The groundbreaking singer has died aged 90. 

Chuck Berry, the "father of rock'n'roll", has died aged 90, a year after announcing his first album in four decades.

Charles Edward Anderson Berry, better known as Chuck Berry, was born into a middle-class African-American family in St Louis, Missouri. He first rose to fame in the 1950s with songs such as "Maybellene" and "Rock and Roll Music". In particular, "Roll Over Beethoven", which jokingly told the classical greats to give way, became "the ultimate rock and roll call to arms", according to Rolling Stone magazine.

He would go on to inspire the Beatles and the Rolling Stones. Both bands released covers of his songs.

Although Berry stopped recording studio albums in 1979, on his 90th birthday he announced he would be releasing "Chuck", an album dedicated to his wife Themetta. . 

As the news broke of his death, tributes began pouring in. Bruce Springsteent tweeted that Berry was "the greatest pure rock'n'roll writer who ever lived".
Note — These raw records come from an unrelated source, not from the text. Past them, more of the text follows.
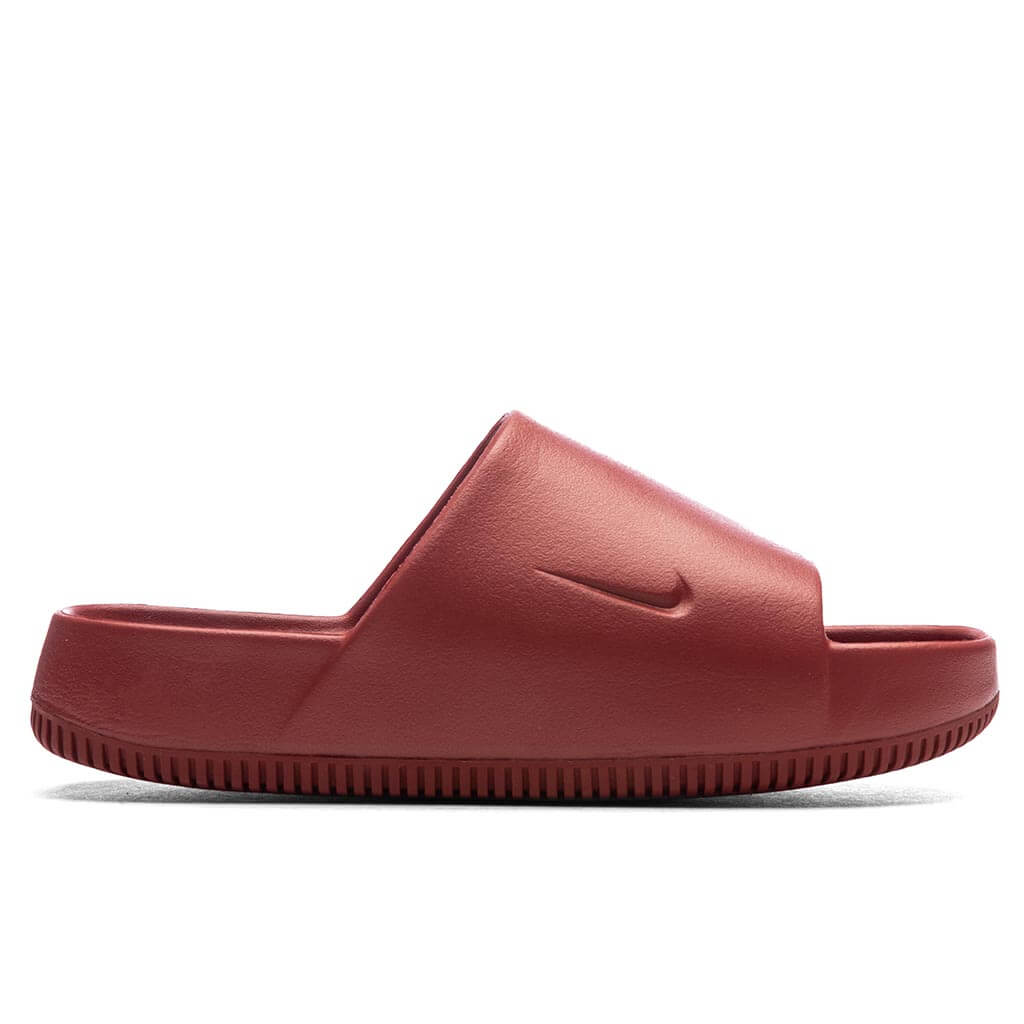 Burgundy nike cheap slides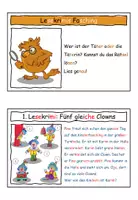 Vorschau - Aufgabenkarten - Lesekrimis Fasching/Karneval/Fastnacht - Lesemotivation - Genaues Lesen fördern - Seite 2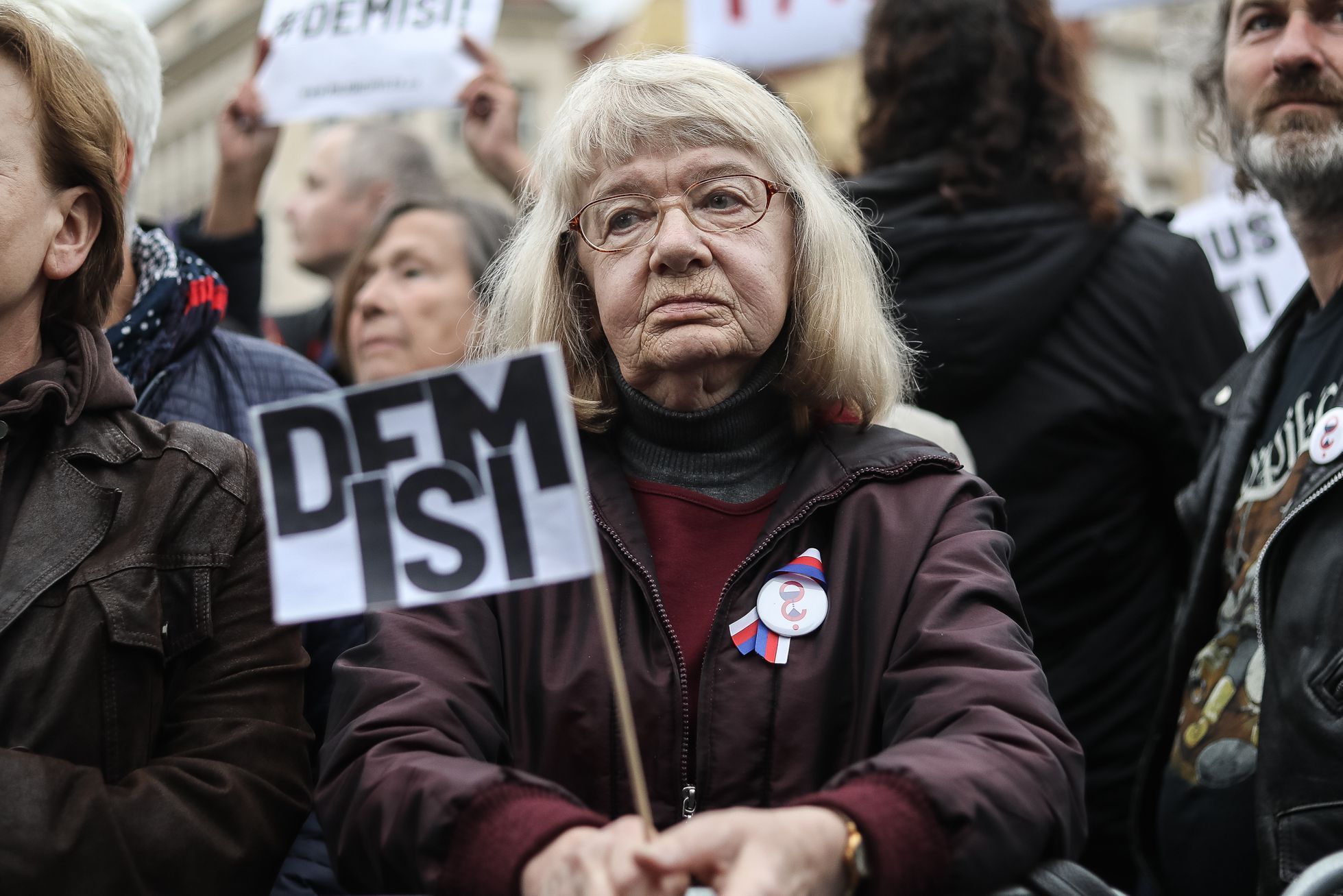 Protest / pochod / demonstrace proti jmenování Marie Benešové ministryní, Milion chvilek pro demokracii, Praha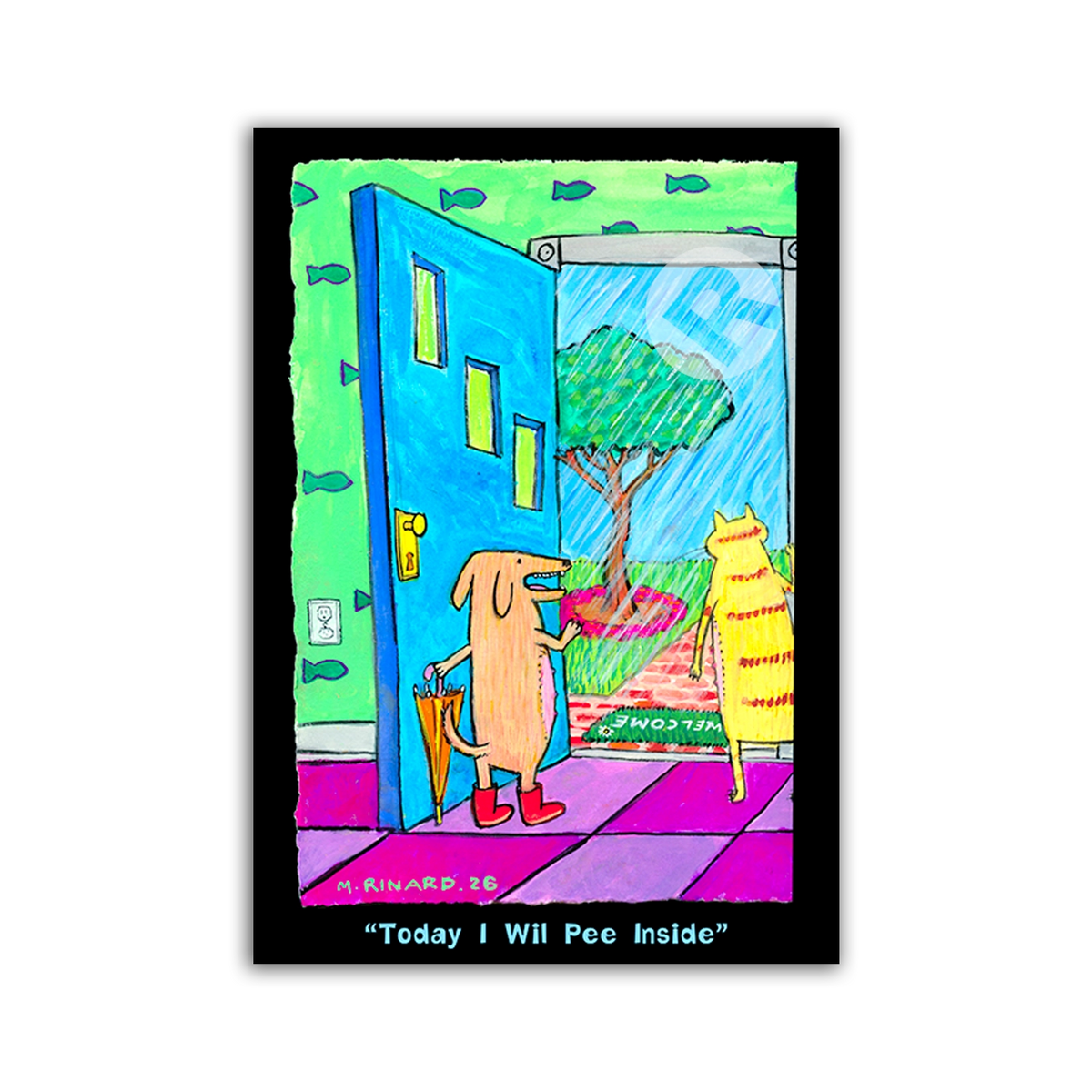 Today I Will Pee Inside Original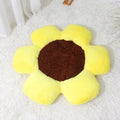 Blue round flower cat nest bed measuring 85cm diameter with plush surface and sponge filling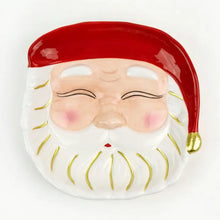 Load image into Gallery viewer, Red Santa Dessert Plate
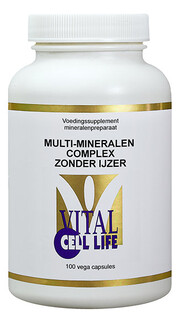 Vital Cell Life Multi-Mineralen Complex zonder IJzer Capsules 100ST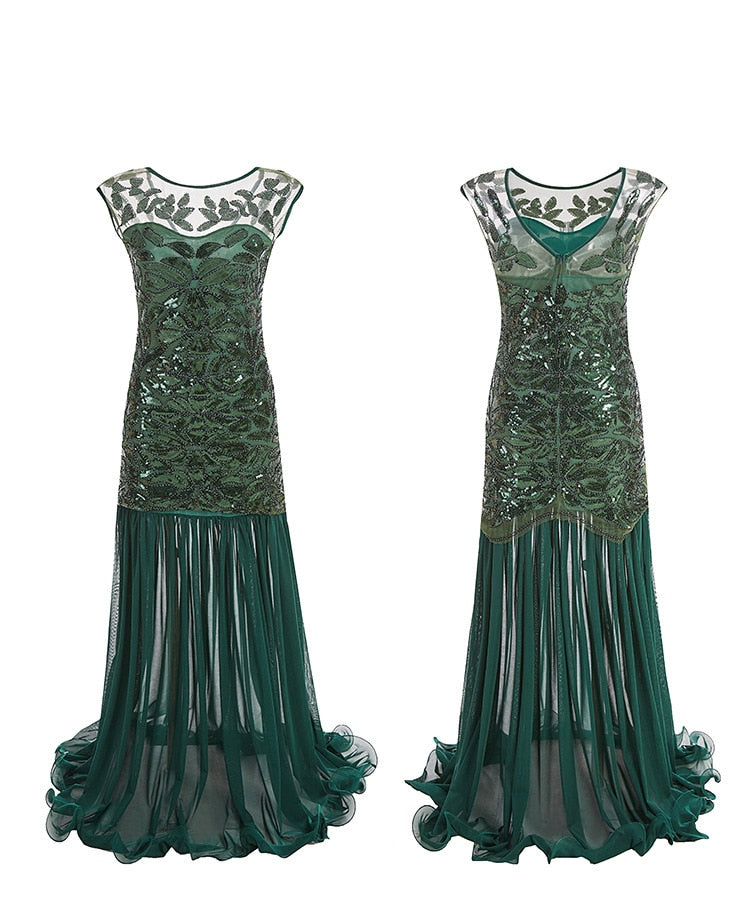 Abito Flapper Vintage Anni '20 Verde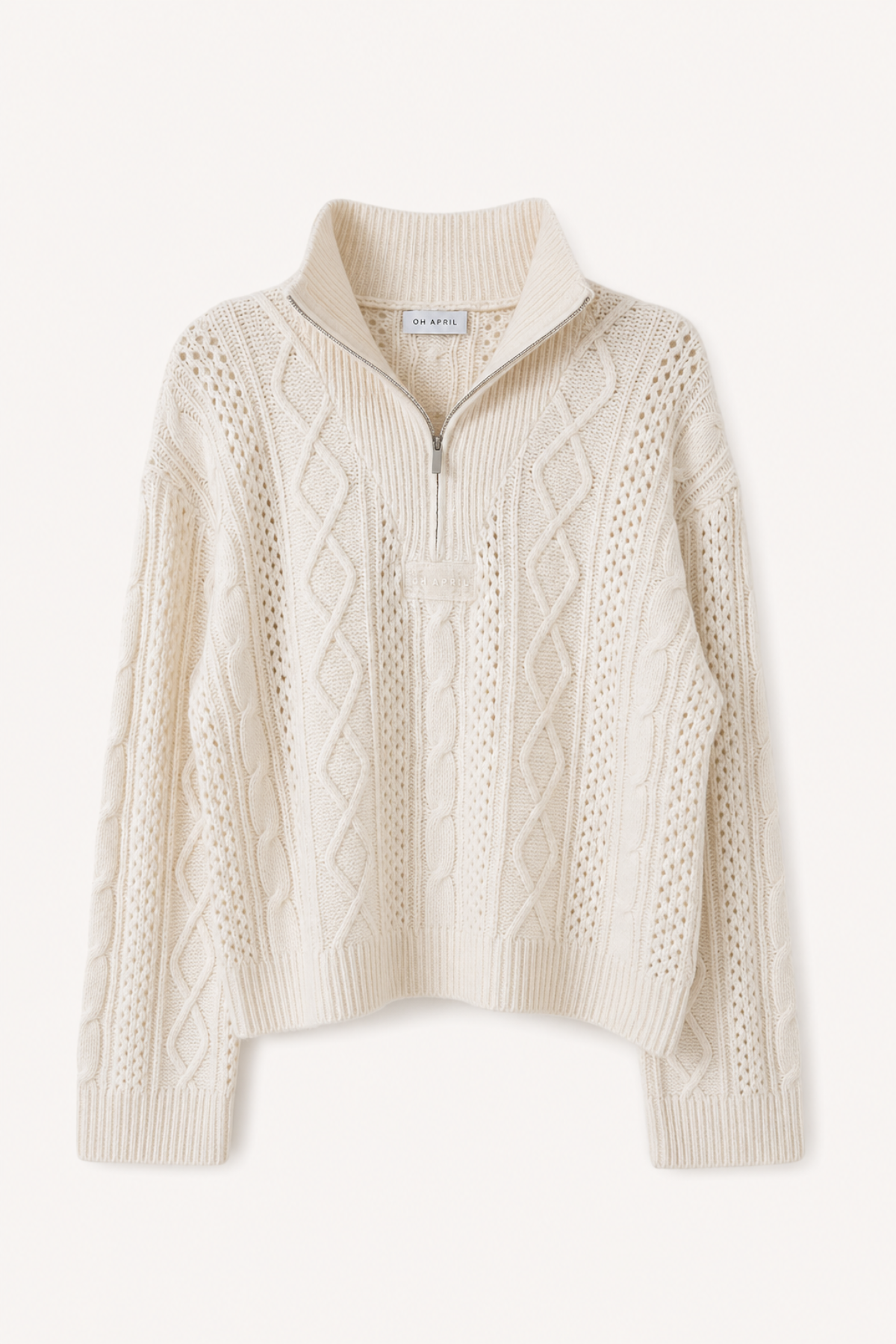 oh-april-oversized-half-zip-strickpullover-off-white image 2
But Berry - thanks in part to his (by rock'n'roll standards) unusually long life - has already been widely acknowledged as one of the instrumental musicians in modern popular culture. Here are how some of the other musical legends described him in his own lifetime:

"All of us are footnotes to the words of Chuck Berry"

- Leonard Cohen

“If you tried to give rock and roll another name, you might call it ‘Chuck Berry’.”

- John Lennon

"One of greatest poets America has ever produced.” 

- Paul McCartney

“There’s only one true king of rock ‘n’ roll. His name is Chuck Berry.”

- Stevie Wonder

"Chuck Berry was the key to everything that happened in the 60s."

- Dave Davies, The Kinks

"Chuck Berry, we all love you"

- Michael Jackson

"The Shakespeare of rock'n'roll"

- Bob Dylan

Julia Rampen is the editor of The Staggers, The New Statesman's online rolling politics blog. She was previously deputy editor at Mirror Money Online and has worked as a financial journalist for several trade magazines.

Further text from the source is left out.